I'm currently at ServDes 2016, the Service Design and Innovation Conference, and there is just so much going through my mind. To alleviate this and make sure I can follow up on at least some of these ideas, I'll present a disconnected series of paragraphs summarizing my day. If one of them caught your interest, please send a comment or an email and I'll be happy to elaborate!
The conference is organized around a nifty set of graphical elements signifying the centres, tectonics, fringes, paths, transformations, and private and public spaces. Especially interesting was the idea that the core topics of the field seem to be "Service Innovation", "Design thinking" and "Service-Dominant Logic". The division feels intuitive: creating new services and ways to provide service, inspiring creative and divergent approaches that focus on creating solutions, and applying a service-oriented way of seeing things in the larger context.

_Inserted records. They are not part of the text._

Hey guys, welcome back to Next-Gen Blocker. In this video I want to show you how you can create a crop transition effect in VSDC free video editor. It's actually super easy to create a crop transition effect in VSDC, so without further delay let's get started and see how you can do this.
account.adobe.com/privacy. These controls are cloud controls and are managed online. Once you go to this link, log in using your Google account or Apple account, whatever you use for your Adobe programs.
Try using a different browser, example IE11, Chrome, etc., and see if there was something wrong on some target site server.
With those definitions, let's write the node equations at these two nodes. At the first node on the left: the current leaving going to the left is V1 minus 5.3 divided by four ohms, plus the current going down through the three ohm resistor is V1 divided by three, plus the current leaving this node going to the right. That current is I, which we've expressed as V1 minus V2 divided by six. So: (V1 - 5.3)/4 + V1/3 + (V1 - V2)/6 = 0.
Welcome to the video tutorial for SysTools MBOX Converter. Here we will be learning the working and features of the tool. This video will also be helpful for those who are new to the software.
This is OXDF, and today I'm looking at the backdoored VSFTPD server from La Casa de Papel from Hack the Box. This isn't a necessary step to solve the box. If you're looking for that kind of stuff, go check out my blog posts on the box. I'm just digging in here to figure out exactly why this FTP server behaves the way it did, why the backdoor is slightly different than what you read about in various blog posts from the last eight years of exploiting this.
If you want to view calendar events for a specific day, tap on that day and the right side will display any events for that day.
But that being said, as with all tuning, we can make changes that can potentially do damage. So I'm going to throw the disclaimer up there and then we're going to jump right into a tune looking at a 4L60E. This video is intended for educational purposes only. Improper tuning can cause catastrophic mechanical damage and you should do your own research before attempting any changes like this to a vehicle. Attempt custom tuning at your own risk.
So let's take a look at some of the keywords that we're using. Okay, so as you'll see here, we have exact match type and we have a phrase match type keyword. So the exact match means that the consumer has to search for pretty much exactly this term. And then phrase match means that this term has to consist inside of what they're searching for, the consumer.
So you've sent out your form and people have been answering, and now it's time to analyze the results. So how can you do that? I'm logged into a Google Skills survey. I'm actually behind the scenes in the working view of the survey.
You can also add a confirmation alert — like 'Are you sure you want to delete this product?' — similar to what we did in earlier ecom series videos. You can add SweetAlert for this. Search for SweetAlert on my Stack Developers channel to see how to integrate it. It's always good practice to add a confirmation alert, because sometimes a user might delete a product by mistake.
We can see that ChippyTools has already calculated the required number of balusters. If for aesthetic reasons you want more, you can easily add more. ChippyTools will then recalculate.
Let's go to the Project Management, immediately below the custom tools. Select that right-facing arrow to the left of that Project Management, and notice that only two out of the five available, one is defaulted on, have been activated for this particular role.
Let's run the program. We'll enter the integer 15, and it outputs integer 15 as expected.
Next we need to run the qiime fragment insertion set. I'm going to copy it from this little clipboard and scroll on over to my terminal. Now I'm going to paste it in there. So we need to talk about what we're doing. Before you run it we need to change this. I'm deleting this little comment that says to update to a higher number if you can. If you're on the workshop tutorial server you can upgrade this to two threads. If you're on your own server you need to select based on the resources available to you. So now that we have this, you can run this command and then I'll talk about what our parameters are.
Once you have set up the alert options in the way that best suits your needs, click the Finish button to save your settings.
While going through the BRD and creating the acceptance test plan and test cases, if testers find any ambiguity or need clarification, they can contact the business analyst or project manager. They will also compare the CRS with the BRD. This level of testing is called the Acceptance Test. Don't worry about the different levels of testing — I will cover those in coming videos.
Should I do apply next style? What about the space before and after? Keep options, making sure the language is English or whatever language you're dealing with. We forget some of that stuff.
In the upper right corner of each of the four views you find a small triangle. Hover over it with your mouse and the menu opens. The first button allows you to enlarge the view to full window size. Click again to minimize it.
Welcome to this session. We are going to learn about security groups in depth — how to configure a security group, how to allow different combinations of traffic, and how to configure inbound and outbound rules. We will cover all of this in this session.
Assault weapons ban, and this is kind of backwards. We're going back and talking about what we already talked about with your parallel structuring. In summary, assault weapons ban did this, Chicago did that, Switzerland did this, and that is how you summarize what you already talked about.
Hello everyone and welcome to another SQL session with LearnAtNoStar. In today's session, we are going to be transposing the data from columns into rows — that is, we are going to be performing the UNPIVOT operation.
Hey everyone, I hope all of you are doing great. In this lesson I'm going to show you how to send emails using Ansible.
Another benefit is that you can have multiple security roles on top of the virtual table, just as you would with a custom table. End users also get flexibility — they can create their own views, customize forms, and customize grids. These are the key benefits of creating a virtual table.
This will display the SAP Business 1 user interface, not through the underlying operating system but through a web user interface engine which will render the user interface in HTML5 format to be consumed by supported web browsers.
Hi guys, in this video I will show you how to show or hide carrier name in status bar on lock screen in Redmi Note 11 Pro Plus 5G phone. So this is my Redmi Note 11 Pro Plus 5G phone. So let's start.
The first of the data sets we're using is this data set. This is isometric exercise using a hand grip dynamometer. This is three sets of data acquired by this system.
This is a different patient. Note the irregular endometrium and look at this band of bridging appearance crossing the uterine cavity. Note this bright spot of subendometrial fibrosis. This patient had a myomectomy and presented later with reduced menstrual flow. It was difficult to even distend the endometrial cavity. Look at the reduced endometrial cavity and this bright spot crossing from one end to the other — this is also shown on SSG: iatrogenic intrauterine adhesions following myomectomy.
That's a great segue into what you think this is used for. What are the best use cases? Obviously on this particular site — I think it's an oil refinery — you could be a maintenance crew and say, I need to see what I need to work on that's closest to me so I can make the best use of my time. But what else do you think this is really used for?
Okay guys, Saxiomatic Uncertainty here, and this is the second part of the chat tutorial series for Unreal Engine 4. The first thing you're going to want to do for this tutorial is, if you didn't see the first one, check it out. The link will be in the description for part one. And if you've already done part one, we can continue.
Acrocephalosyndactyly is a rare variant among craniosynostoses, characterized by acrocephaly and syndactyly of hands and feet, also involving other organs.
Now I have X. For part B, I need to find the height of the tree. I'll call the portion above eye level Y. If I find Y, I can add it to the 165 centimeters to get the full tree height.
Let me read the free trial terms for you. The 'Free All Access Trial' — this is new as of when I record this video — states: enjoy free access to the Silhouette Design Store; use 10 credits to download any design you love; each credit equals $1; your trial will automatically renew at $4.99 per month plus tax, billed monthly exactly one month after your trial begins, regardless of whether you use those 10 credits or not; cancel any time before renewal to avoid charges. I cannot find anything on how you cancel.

However, this didn't capture the great opening keynote by Chistian Boson about service design in the public sector. The keynote started with the question "Why doesn't the better solution always disrupt the older ways of working?" Christian shared that the public sector seemed to be good at running service design experiments and even projects, but that governments are facing huge difficulties in enacting change in the large scale way of working. The challenges he elaborated on captured the huge challenges of changing organizations and ways of working service design is only recently starting to tackle. Maybe this will spin off and area such as strategic design further away form service design, or maybe the field will transform itself.
Christian Boson also described a dichotomy of management vs. design. Whereas management is about finding the optimal decision, design is about creating the best possible solution. This actually made me connect design thinking with systems thinking as the empathic/analytical sides of the same coin.